# How do you solve abs(3x-4)<=x?

Jan 18, 2017

$| 3 x - 4 | \le x \implies x \in \left[1 , 2\right]$

or $1 \le x \le 2$

#### Explanation:

2 cases

$3 x - 4$ is positive

$| 3 x - 4 | \ge 0 \implies 3 x - 4 = 3 x - 4 \le x$

or

$3 x - 4$ is negative

$| 3 x - 4 | < 0 \implies | 3 x - 4 | = 4 - 3 x \le x$

If $3 x - 4$ is positive then,

$3 x - 4 \le x$

$\iff$

$3 x \le x + 4$ Add 4 to both sides

$\iff$

$3 x - x = 2 x \le 4$ Subtract x from both sides

$\iff$

$x \le 2$ Divide both sides by 2

Or $x \in \left(- \infty , 2\right]$

If $3 x - 4$ is negative then,

$4 - 3 x \le x$

$\iff$

$4 \le 4 x$ Add $3 x$ to both sides

$\iff$

$1 \le x$ Divide both sides by 4

Or $x \in \left[1 , \infty\right)$

Notice that

$\left(- \infty , 2\right] \cap \left[1 , \infty\right) = \left[1 , 2\right]$

Then

$x \in \left[1 , 2\right]$

Jan 18, 2017

$x \in \left[1 , 2\right]$

#### Explanation:

Here's one method...

Given:

$\left\mid 3 x - 4 \right\mid \le x$

Note in passing that $\left\mid \ldots \right\mid \ge 0$ and hence $x \ge 0$.

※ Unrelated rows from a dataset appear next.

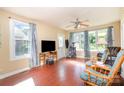 The open living room has wood floors, ceiling fan, large windows, and a cat tower at 124 10Th Sw St, Conover, NC 28613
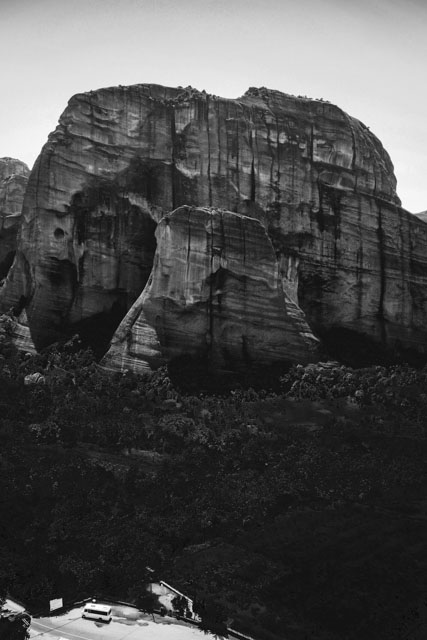 Meteora “suspended in air”, Greece, by Kathryn Minogue-Nachison. During the 11th to 20th centuries, monks inhabited these sandstone cliffs of Thessaly. Though accessible only by rope ladders and pulley nets, they carved out niches in the faces of the mountains and built over 20 monasteries at the peaks. From the St. Nikolaus Monastery, one of the cavernous dwellings can still be seen (on the left). Meteora is one of the most visually stunning sacred spaces of the Greek world.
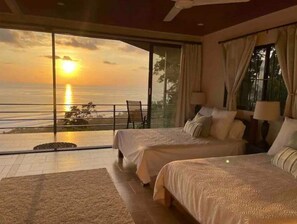A bedroom with two beds, a view of the sunset over the ocean, and a balcony with a chair.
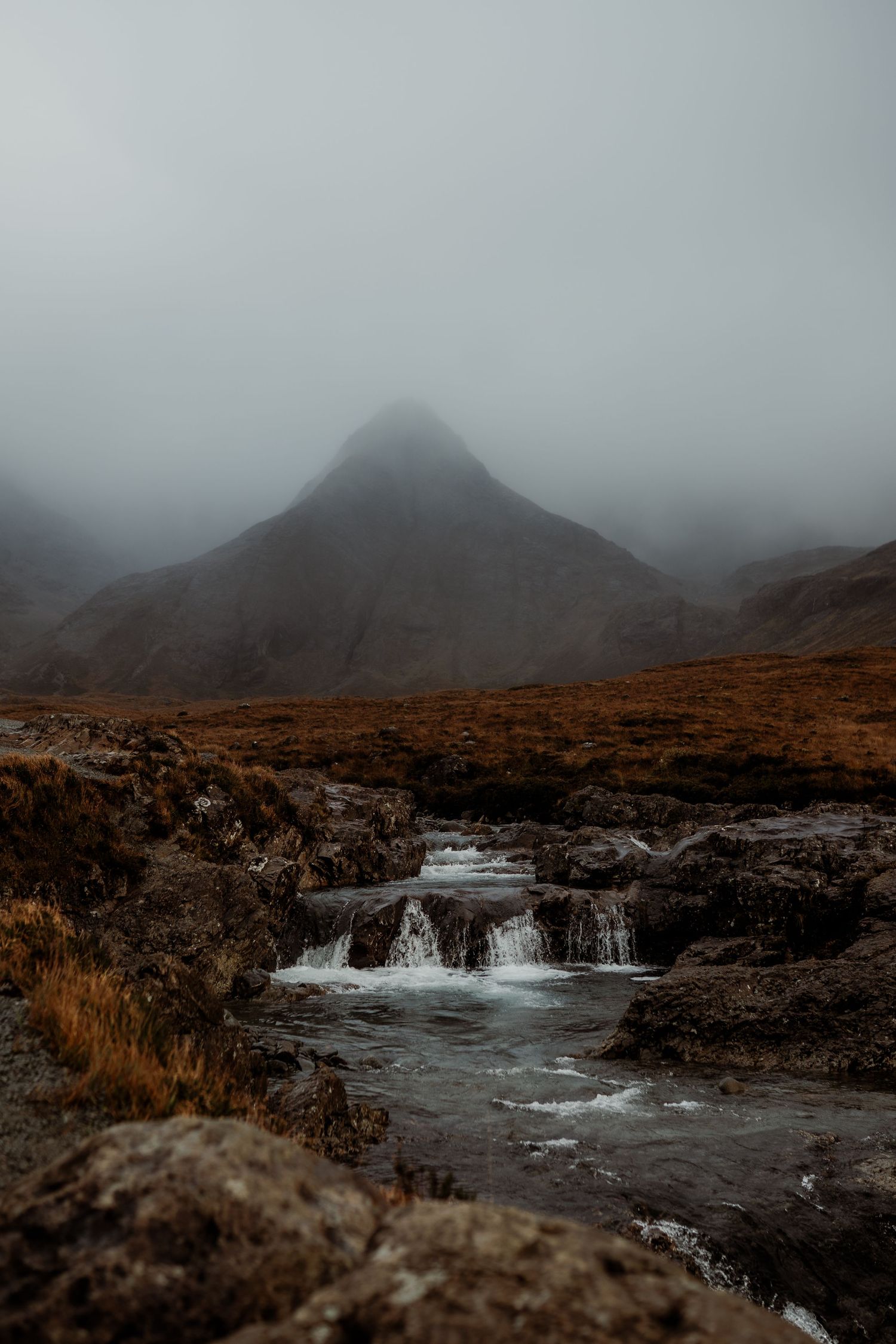 Misty mountain landscape with a small waterfall cascading over rocks into a stream on a foggy, overcast day.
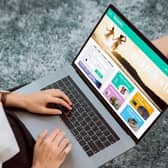 A lady sat with a laptop booking a holiday.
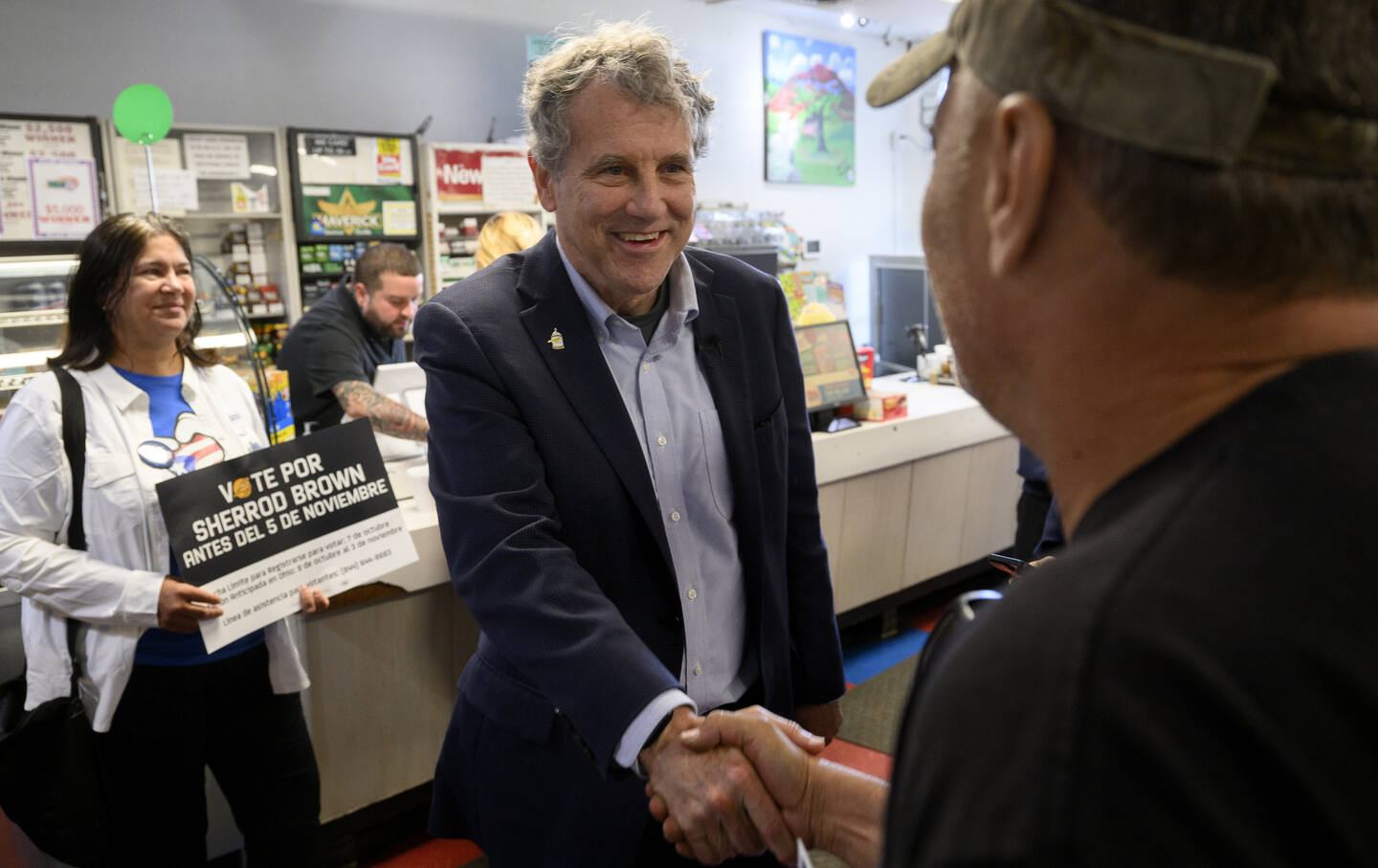 US Senator Sherrod Brown (D-OH) talks with voters during a campaign stop at Rainbow Bakery, a Puerto Rican–owned and –operated grocery store in Lorain, Ohio, on October 30, 2024.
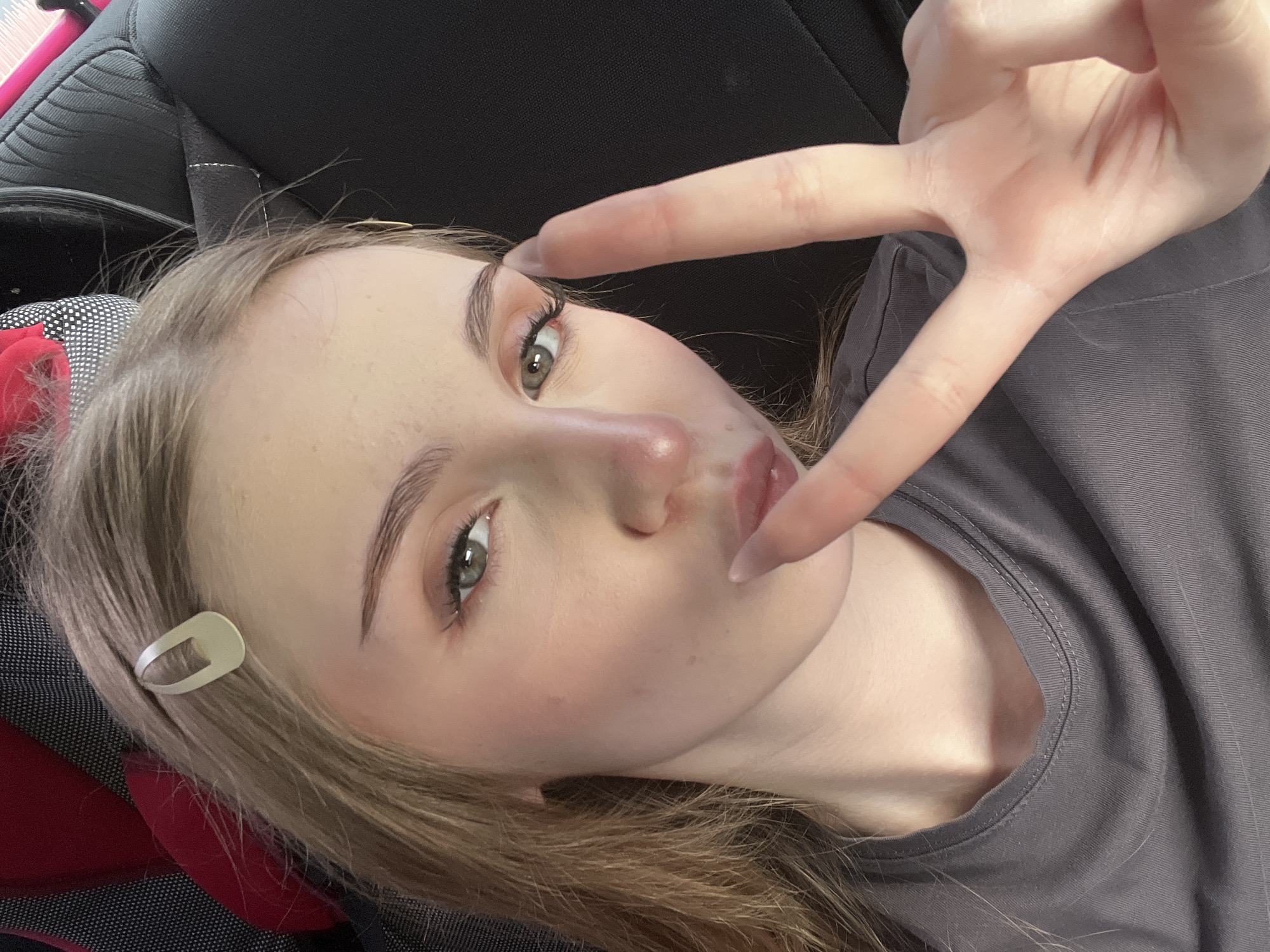 The image is a close-up, selfie-style portrait of a young woman with fair skin and blonde hair. She is wearing a grey t-shirt and has a light-colored hair clip in her hair. Her makeup includes eyeshadow and eyeliner, and her lips are slightly pursed. Her right hand is raised, forming a peace sign. The background appears to be the interior of a vehicle, with a dark, textured seat visible behind her. The lighting suggests it is daytime. There is no indication of the city of Новая Отрадовка, Russia, within the image.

Given that $x \ge 0$, we can square both sides of the inequality to get:

$9 {x}^{2} - 24 x + 16 \le {x}^{2}$

Subtract ${x}^{2}$ from both sides to get:

$8 {x}^{2} - 24 x + 16 \le 0$

Divide both sides by $8$ to get:

${x}^{2} - 3 x + 2 \le 0$

$\left(x - 1\right) \left(x - 2\right) \le 0$

So this is a parabola with positive ${x}^{2}$ coefficient, intersecting the $x$ axis at $\left(1 , 0\right)$ and $\left(2 , 0\right)$

Hence the solution of our inequality is:

$1 \le x \le 2$

In interval notation:

$x \in \left[1 , 2\right]$

Jan 18, 2017

$x \in \left[1 , 2\right]$. See the segment of of the x-axisl in the Socratic graph. for this solution.

#### Explanation:

graph{(|3x-4|-x-y)<=0 [-5, 5, -2.5, 2.5]}

$| 3 x - 4 | \le x$ is the combined inequality for

$3 x - 4 \le x$, giving $x \le 2$, when $x \ge \frac{4}{3}$ and

$- \left(3 x - 4\right) \le x$, giving $x \ge 1$, when $x \le \frac{4}{3}$.